Top of Available data

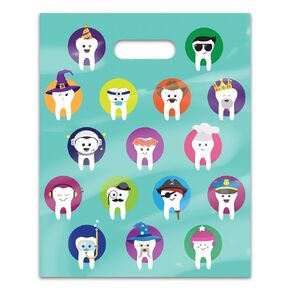 Character Teeth Dental Giveaway Bags, 8" x 10", 100 Pack in Kuwait
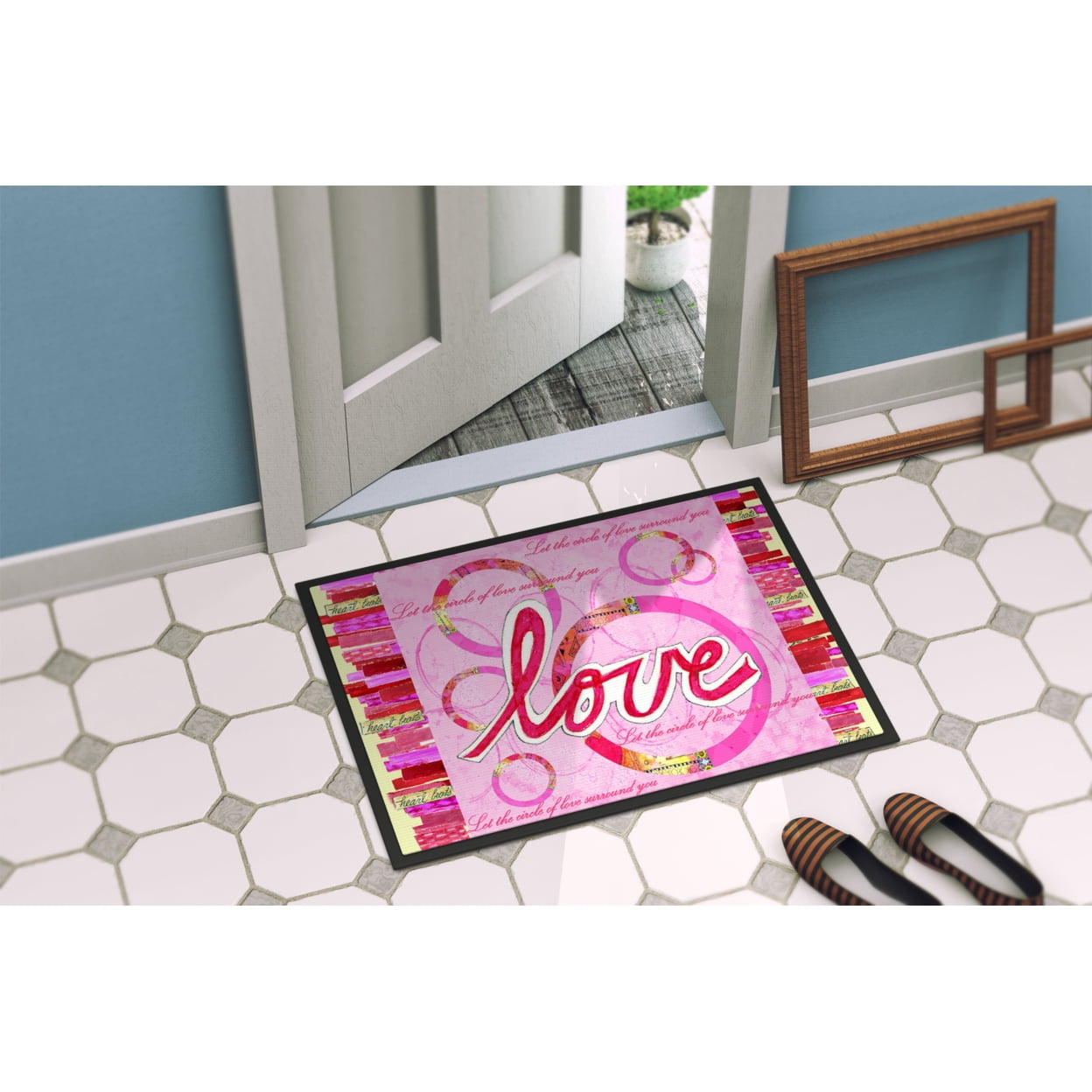 Carolines Treasures PJC1115MAT Love is a Circle Valentines Day Door Mat Indoor Rug or Outdoor Welcome Mat 18x27 Doormat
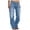 Blue, variant on Womens High Waist Wide Leg Jeans Washed Frayed Hem Baggy Denim Casual Streetwear Pants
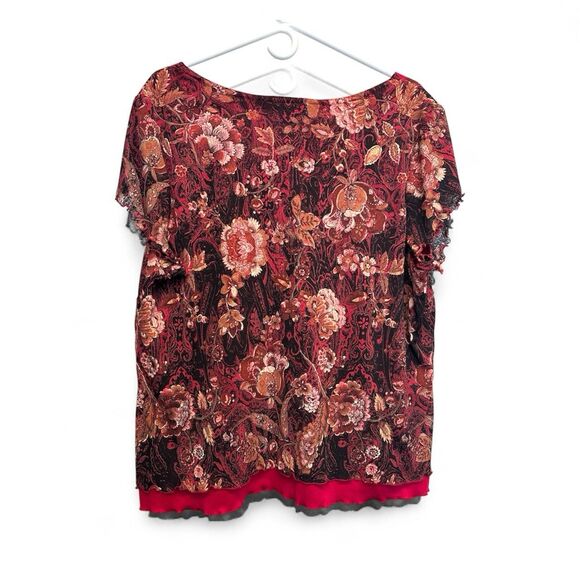 Vtg Y2K Self Esteem Babydoll Top Sz 2X Floral Sheer Red Boho Whimsy - Picture 2 of 5
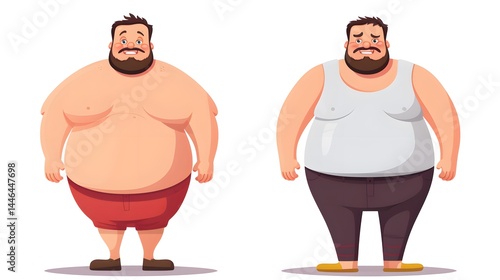 Obese man illustration depicting unhealthy lifestyle and obesity issue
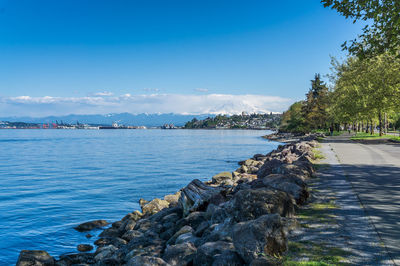 Ruston shoreline and mountain.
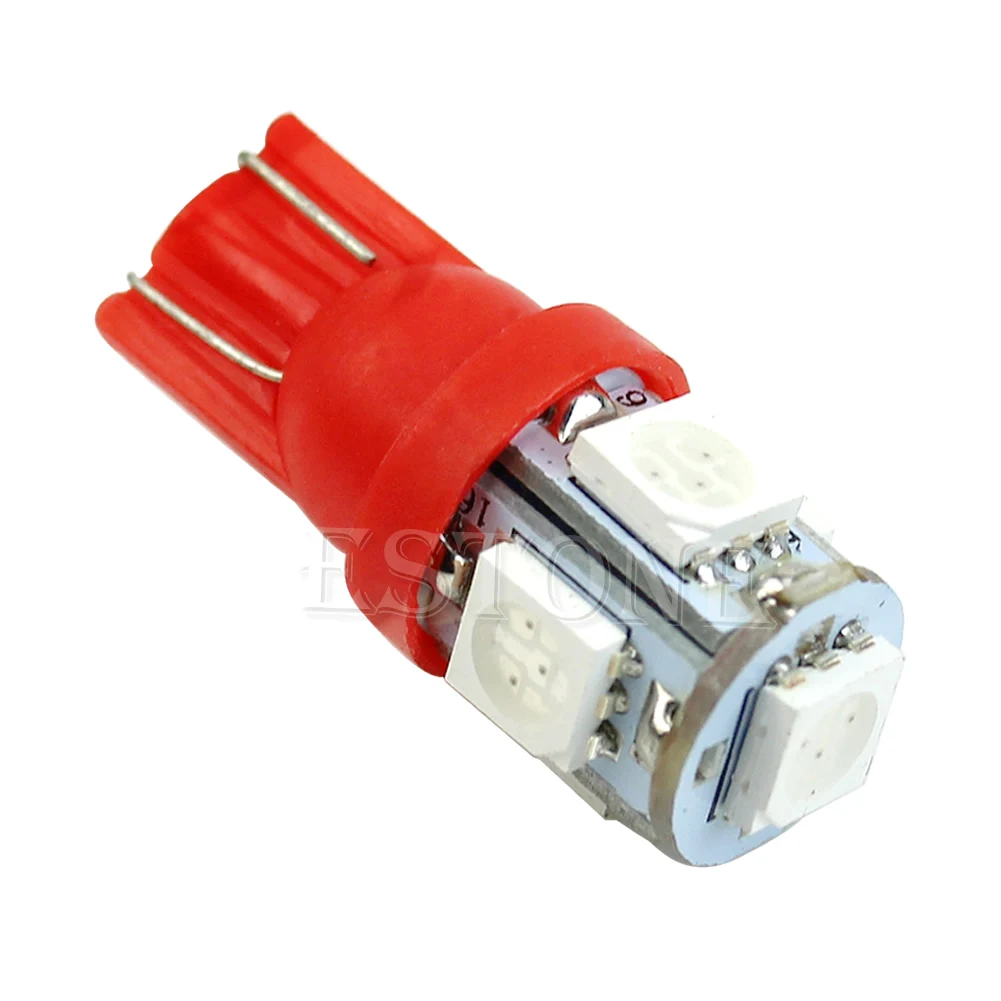

T10 5050 5-LED SMD 194 168 W5W Red XENON Light Wedge Bulb Car Tail Lamp
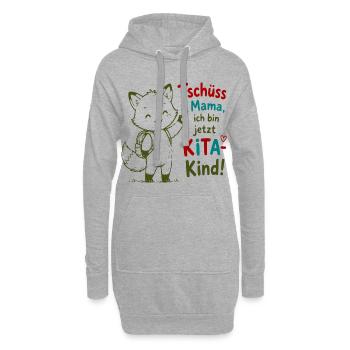 Kita Abschied: Kleiner Fuchs - Hoodie-Kleid - Grau meliert - Vorne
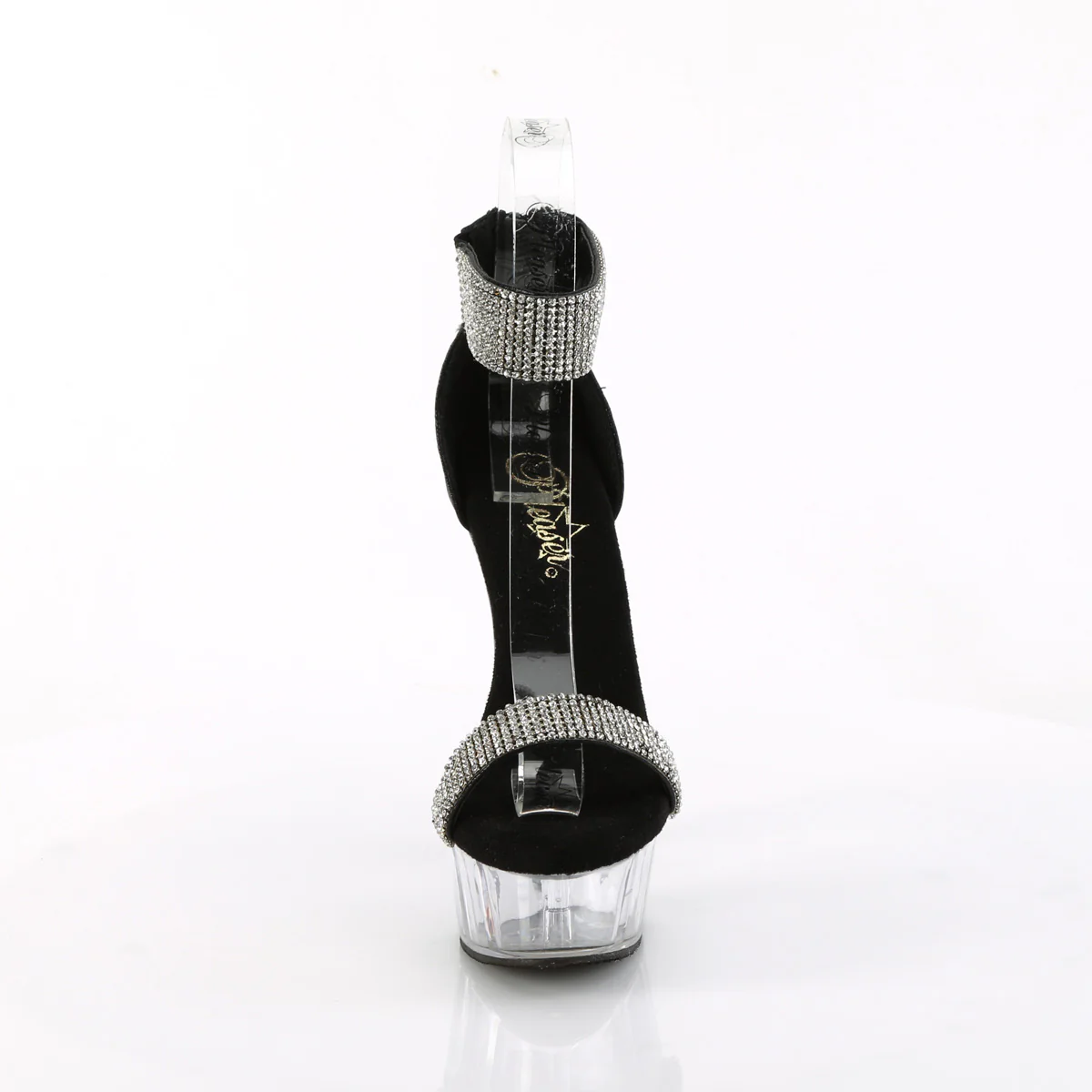 Black Fabric 6 Inch Pole Dance Platform Shoes -  Pleaser DELIGHT-641 - Image 2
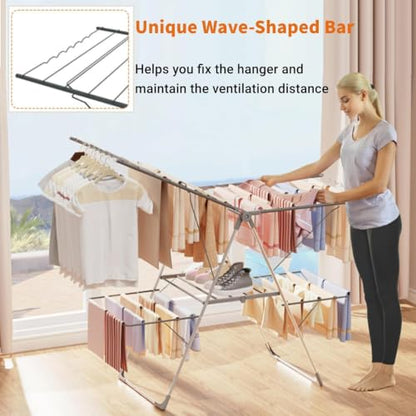 Bigzzia Clothes Drying Rack Foldable, 2-Level Large Laundry Drying Rack - size: Large
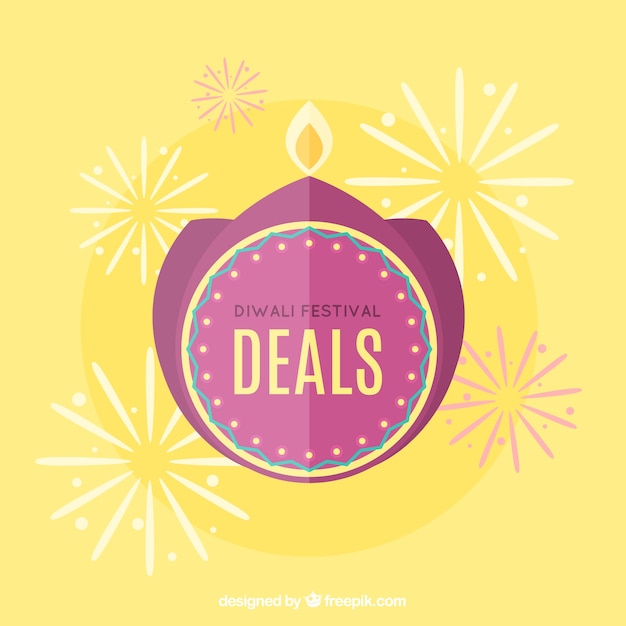 Gratis vector gele flat diwali achtergrond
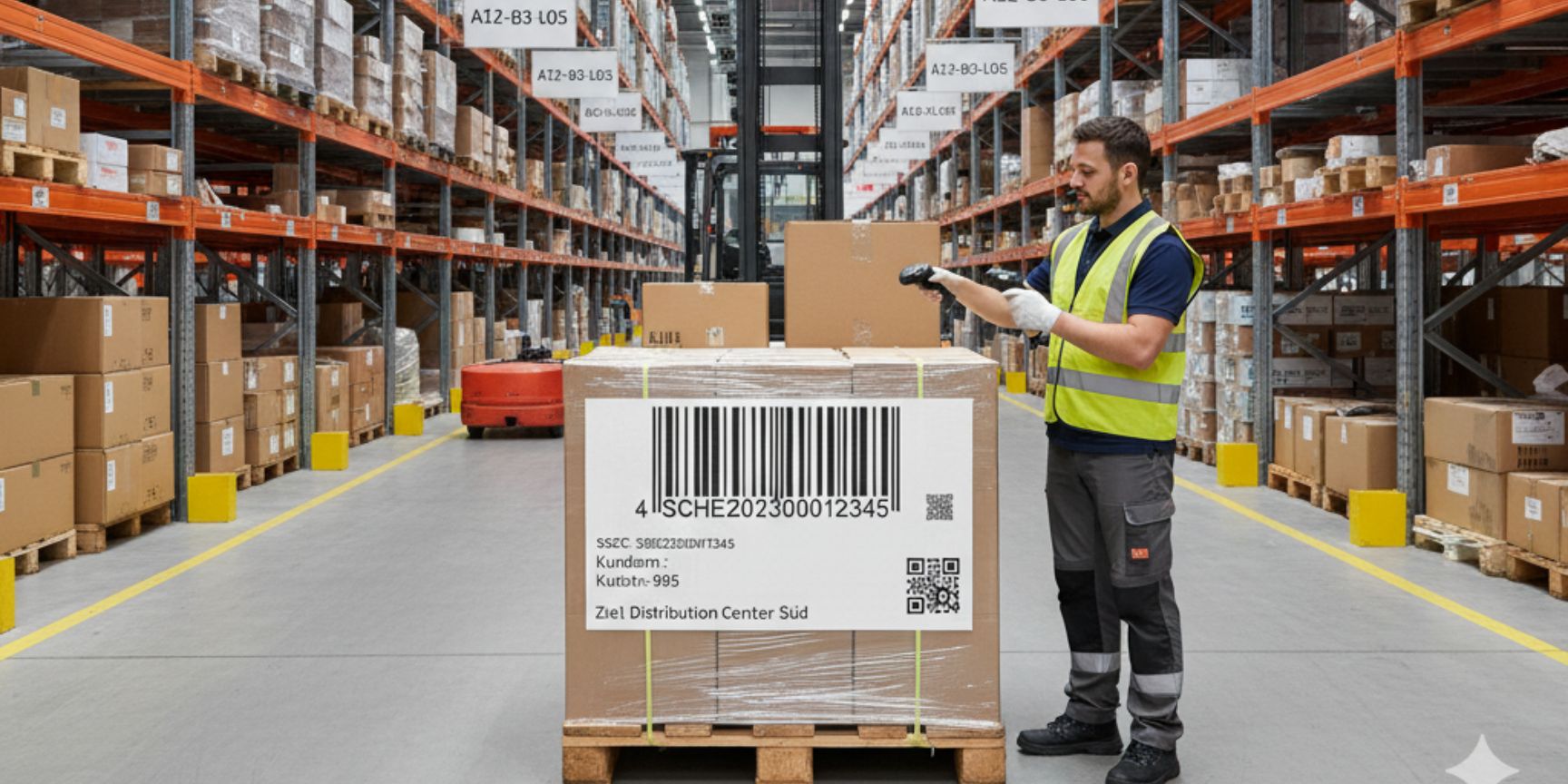A warehouse worker in a high-visibility vest scans a large barcode on a pallet in a modern high-bay warehouse. The shelves are fully loaded with parcels and pallets, and clearly visible storage location markings with alphanumeric codes such as A12-B3-L05 hang on the rows of shelves. A forklift can be seen in the background. The image illustrates the role of labelling in identification and the flow of goods in warehouse logistics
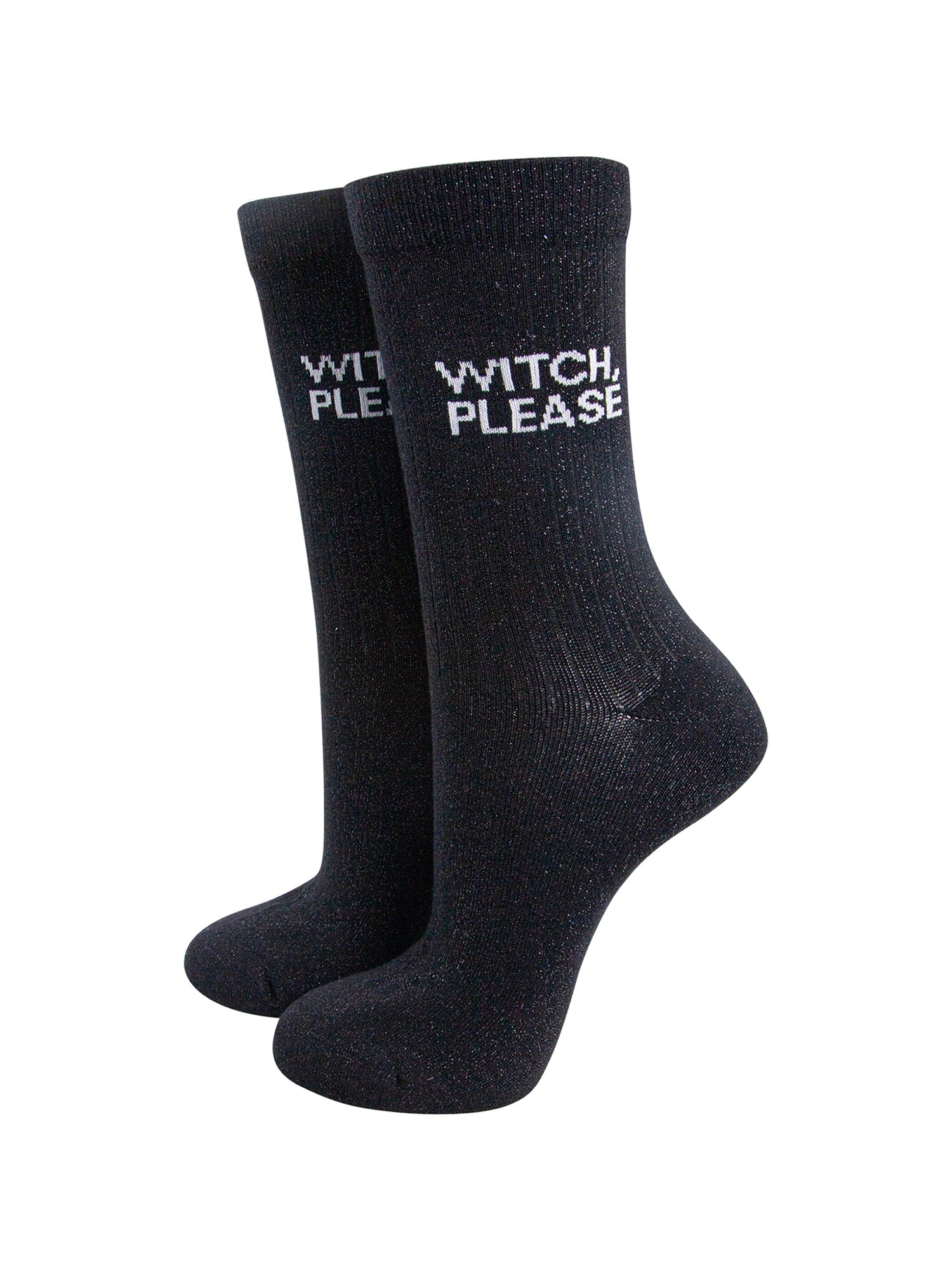 Witch-Please-Glitter-Combed-Cotton-Word-Crew-Socks-for-Women-Black-mannequin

Bottom of Available data

> _To do_
Where a picture appears, skip it and copy the rest of the data word for word.

> _Exercise solution_
 Character Teeth Dental Giveaway Bags, 8" x 10", 100 Pack in Kuwait
 Carolines Treasures PJC1115MAT Love is a Circle Valentines Day Door Mat Indoor Rug or Outdoor Welcome Mat 18x27 Doormat
 Blue, variant on Womens High Waist Wide Leg Jeans Washed Frayed Hem Baggy Denim Casual Streetwear Pants
 Vtg Y2K Self Esteem Babydoll Top Sz 2X Floral Sheer Red Boho Whimsy - Picture 2 of 5
 Obese man illustration depicting unhealthy lifestyle and obesity issue
 Ruston shoreline and mountain.

T10 5050 5-LED SMD 194 168 W5W Red XENON Light Wedge Bulb Car Tail Lamp
 Kita Abschied: Kleiner Fuchs - Hoodie-Kleid - Grau meliert - Vorne
 Black Fabric 6 Inch Pole Dance Platform Shoes -  Pleaser DELIGHT-641 - Image 2
 Bigzzia Clothes Drying Rack Foldable, 2-Level Large Laundry Drying Rack - size: Large
 Gratis vector gele flat diwali achtergrond
A warehouse worker in a high-visibility vest scans a large barcode on a pallet in a modern high-bay warehouse. The shelves are fully loaded with parcels and pallets, and clearly visible storage location markings with alphanumeric codes such as A12-B3-L05 hang on the rows of shelves. A forklift can be seen in the background. The image illustrates the role of labelling in identification and the flow of goods in warehouse logistics
 Witch-Please-Glitter-Combed-Cotton-Word-Crew-Socks-for-Women-Black-mannequin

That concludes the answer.